Many of the founding members had been involved with anti-slavery campaigning previously, and their concerns were founded on Christian precepts. There had been a revival of evangelicism which had affected both Anglicanism and dissenters alike. In common with other voluntary organisations, the new body had a subscription system, a committee, officeholders, including a secretary. Founding members included William Wilberforce (although he did not get involved in the day-to-day running), Thomas Clarkson, Thomas Fowell Buxton, Zachary Macaulay (like Wilberforce, a member of the Anglican evangelical group known as the Clapham Sect), MP James Stephen, businessman and philanthropist James Cropper, Quaker banker and philanthropist Samuel Gurney, and Thomas Babington Macaulay. Thomas Pringle was secretary, and others who became involved with the society or who supported it included radical MP and dissenter William Smith; the Whig lawyers Henry Brougham, 1st Baron Brougham and Vaux, Thomas Denman, 1st Baron Denman, the judge Stephen Lushington, and James Mackintosh; Quaker scientists William Allen and Luke Howard; and Irish political leader Daniel O'Connell.

Auxiliary societies set up by women, such as the Birmingham and West Bromwich Ladies Society for the Relief of Negro Slaves, were supported by the society.
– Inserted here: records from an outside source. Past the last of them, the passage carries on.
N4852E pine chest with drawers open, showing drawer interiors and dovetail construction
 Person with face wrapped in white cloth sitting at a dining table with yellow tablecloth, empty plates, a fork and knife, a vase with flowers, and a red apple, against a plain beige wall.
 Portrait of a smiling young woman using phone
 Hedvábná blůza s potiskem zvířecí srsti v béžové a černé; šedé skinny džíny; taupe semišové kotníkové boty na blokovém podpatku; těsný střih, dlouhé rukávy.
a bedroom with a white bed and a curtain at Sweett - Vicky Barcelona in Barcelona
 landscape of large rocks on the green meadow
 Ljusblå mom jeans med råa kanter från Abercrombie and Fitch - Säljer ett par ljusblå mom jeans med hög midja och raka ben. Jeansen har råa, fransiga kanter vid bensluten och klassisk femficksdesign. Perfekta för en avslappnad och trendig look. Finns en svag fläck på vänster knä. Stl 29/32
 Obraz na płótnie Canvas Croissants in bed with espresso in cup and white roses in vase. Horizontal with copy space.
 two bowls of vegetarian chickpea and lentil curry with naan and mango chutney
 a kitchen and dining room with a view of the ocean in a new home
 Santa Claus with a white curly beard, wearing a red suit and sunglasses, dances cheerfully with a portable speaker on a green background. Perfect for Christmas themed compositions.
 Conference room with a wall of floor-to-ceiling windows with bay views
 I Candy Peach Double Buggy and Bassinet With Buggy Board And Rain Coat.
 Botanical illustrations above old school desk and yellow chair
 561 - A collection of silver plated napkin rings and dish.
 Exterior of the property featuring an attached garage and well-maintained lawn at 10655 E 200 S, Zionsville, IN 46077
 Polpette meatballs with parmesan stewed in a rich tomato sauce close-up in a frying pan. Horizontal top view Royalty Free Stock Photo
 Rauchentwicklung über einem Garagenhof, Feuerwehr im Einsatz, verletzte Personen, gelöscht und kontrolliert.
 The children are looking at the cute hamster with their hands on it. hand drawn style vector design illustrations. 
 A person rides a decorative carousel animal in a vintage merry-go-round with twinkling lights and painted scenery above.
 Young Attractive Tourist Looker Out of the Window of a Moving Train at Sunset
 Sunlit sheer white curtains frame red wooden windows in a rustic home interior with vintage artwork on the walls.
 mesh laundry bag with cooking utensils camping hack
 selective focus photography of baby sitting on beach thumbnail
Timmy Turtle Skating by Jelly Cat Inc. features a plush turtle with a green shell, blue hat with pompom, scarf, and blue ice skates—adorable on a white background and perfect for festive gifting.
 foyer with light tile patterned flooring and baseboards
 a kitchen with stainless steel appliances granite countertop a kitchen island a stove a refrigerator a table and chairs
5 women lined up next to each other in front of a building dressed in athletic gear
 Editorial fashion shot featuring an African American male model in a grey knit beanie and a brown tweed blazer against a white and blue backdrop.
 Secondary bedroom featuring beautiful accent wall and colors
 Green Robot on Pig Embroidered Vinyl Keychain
Its work included supporting the first slave narrative to be published by a Black woman, Mary Prince, The History of Mary Prince, A West Indian Slave (1831), organised by Pringle.

A wide range of views emerged among the members. Broadly, there were abolitionists who insisted on the full working out of the gradual process of abolition and amelioration (which had its successes), and the generally younger, more radical members, whose moral outlook regarded slavery as a mortal sin to be ended forthwith. Elizabeth Heyrick's 1824 pamphlet "Immediate, not Gradual, Abolition" gave the tone to the argument.

The latter group, including Joseph Sturge and many others, publicly campaigned throughout Britain. The idea was to engender public pressure for a new act of Parliament to outlaw slavery, rather than continue the gradualism of Whitehall's negotiations, mainly with colonial governments. In 1831 George Stephen and Joseph Sturge formed a ginger group within the Anti-Slavery Society, the Agency Committee, to campaign for this new act of Parliament. This campaign, and public pressure, led to the Slavery Abolition Act 1833, though it contained compromises which they disliked.

Jamaican mixed-race campaigners such as Louis Celeste Lecesne and Richard Hill were also members of the Anti-Slavery Society.

The indentured labour schemes were particularly opposed by Sturge and the Agency Committee; the full working out of the act would take several years, with slavery eventually being abolished throughout the British West Indies on 1 August 1838. In response to the new legislation, other members of the Anti-Slavery Society considered their work over. The original purpose, as reflected in the name of the society (abolition in the British dominions), had, they thought, been achieved.

Renamed the London Anti-Slavery Society in 1838, the organisation ceased to exist in this year.

===The Anti-Slavery Society of 1839===

With abolition of slavery throughout the British dominions achieved, British abolitionists in the Agency Committee of the Anti-Slavery Society considered that a successor organisation was needed to tackle slavery worldwide. Largely under the guidance of Joseph Sturge, the committee duly formed a new society, British and Foreign Anti-Slavery Society on 17 April 1839. It too became widely known as the Anti-Slavery Society.

==Publications==

From 1825, the society published the Anti-Slavery Monthly Reporter under the editorship of Zachary Macaulay. Its name changed to The Anti-Slavery Reporter in August 1830, and continued publication under the auspices of the British and Foreign Anti-Slavery Society from 1839.